Napoleon the Pig makes himself ruler of the Animal Farm in Orwell’s 1945 book by lying about Snowball, his rival Pig, and blaming the destructive acts of the former human Farmer Jones on poor Snowball.  He is driven away from the farm by the farm dogs whom Napoleon has taught to think since they were puppies. This, even though Snowball was actually the hero of the animal rebellion that drove the humans away.  Collusion?  Perhaps.  But definitely a lie.  And the PIG Napoleon, once in power begins to keep all improvements to living conditions for the PIGs.  Other animals, he says, are happier with a simpler, hard-working life.  The PIGs begin to dress like men and walk upright and wear long red ties.
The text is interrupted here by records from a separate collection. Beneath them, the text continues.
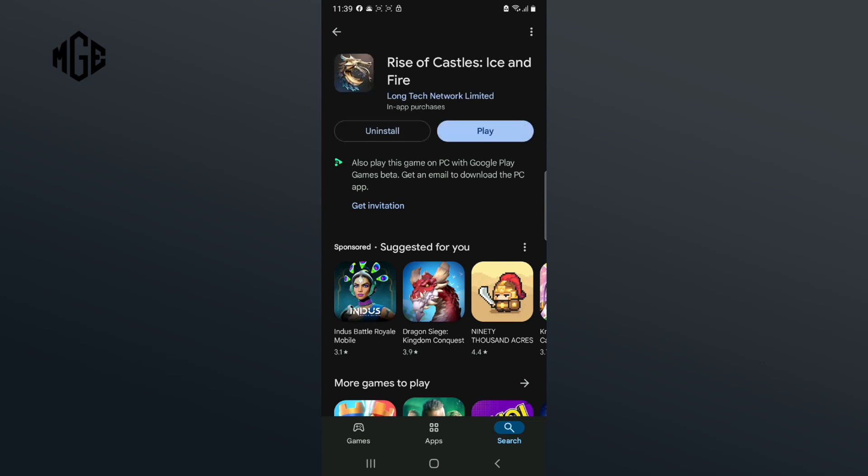Now Rise of Castles has been installed on your phone. You can start to play by tapping on the Play button. And that's how you can download Rise of Castles on iOS or Android.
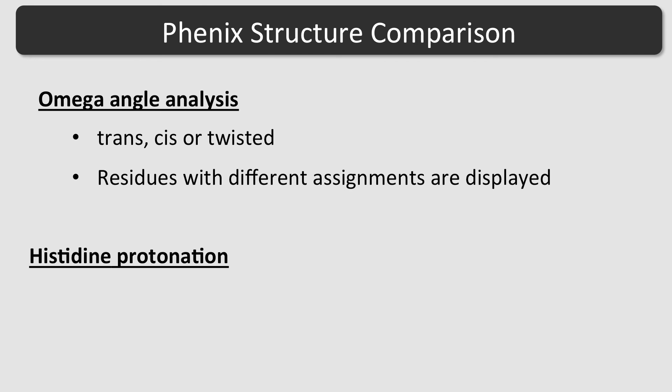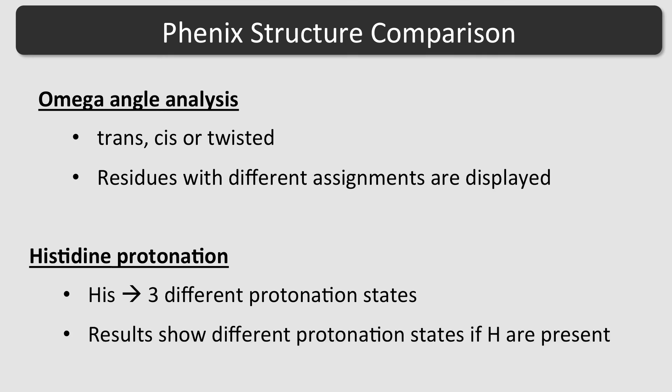Histidine protonation. The histidine side chain can have three different protonation states. The results table shows different protonation states if hydrogen atoms are present in at least one of the input models.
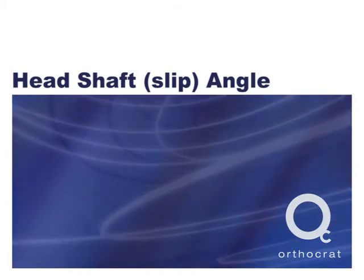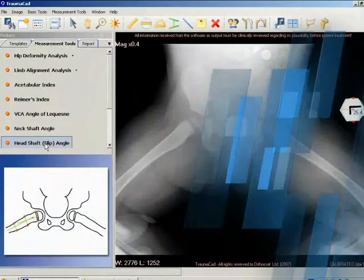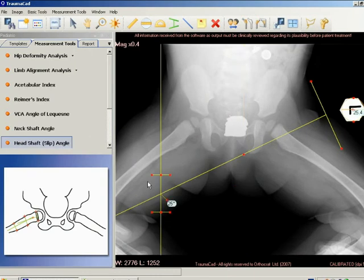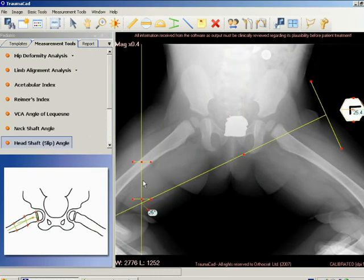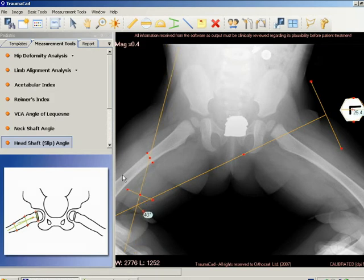The head shaft slip angle of Southwick has been used to characterize slip severity in slipped capital femoral epiphysis. The angle is measured on the frog lateral radiograph of the pelvis.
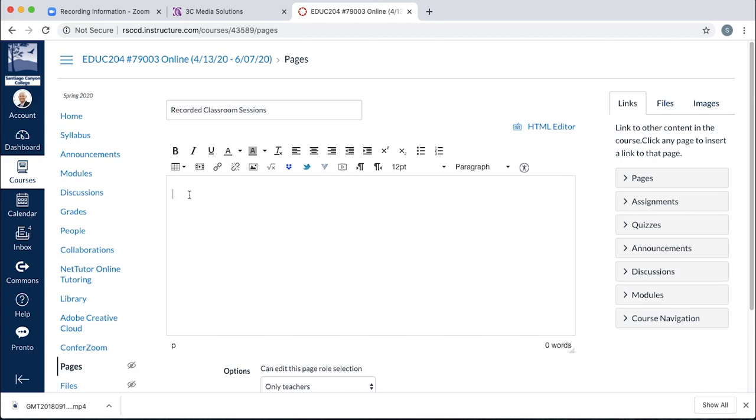So I'm going to click in here, I'm going to give myself an extra line, and I'm going to title it. I want to give it a date. Now you can put one video on a page or multiple videos on a page. It just depends on how you want to deploy it. In this particular case, I'm going to show you how to do multiples.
Keith Olbermann in the video is very much like Benjamin the Donkey, who is cynical and skeptical about Napoleon’s methods.  He also reads as well as any Pig.  When Boxer the workhorse is wounded defending the farm against neighboring farmers who attack and destroy the windmill, he shrugs off the the wound and works at rebuilding the windmill until he collapses.  Then Napoleon declares Boxer will only get better if he’s taken to the vet’s animal hospital.  But he calls the Knacker (the man who renders dead horses into glue) to take Boxer away.  Benjamin calls him out.  He points out that it says “Knacker” on the van that takes Boxer away, not “veterinarian”.   He points out that Russian Facebook trolls used targeted troll-posts to help get Napoleon his position of power.  But Napoleon gets away with his lies.  Boxer apparently dies in the so-called animal hospital.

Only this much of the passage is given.